WHAT YOU NEED TO DO: Your response should consist of the data that follows, repeated in full without alteration.

EXERCISE MATERIAL:
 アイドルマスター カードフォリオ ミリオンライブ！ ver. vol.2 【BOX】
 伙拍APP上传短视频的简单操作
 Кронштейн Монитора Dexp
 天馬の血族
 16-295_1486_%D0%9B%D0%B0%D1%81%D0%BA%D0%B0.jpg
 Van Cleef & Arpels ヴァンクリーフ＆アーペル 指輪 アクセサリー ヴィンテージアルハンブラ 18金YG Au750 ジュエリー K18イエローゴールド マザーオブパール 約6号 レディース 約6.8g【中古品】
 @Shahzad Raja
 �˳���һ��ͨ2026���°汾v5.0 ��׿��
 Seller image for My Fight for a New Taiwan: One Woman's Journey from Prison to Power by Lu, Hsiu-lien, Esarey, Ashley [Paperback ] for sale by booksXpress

EXERCISE OUTPUT:
 アイドルマスター カードフォリオ ミリオンライブ！ ver. vol.2 【BOX】
 伙拍APP上传短视频的简单操作
 Кронштейн Монитора Dexp
 天馬の血族
 16-295_1486_%D0%9B%D0%B0%D1%81%D0%BA%D0%B0.jpg
 Van Cleef & Arpels ヴァンクリーフ＆アーペル 指輪 アクセサリー ヴィンテージアルハンブラ 18金YG Au750 ジュエリー K18イエローゴールド マザーオブパール 約6号 レディース 約6.8g【中古品】
 @Shahzad Raja
 �˳���һ��ͨ2026���°汾v5.0 ��׿��
 Seller image for My Fight for a New Taiwan: One Woman's Journey from Prison to Power by Lu, Hsiu-lien, Esarey, Ashley [Paperback ] for sale by booksXpress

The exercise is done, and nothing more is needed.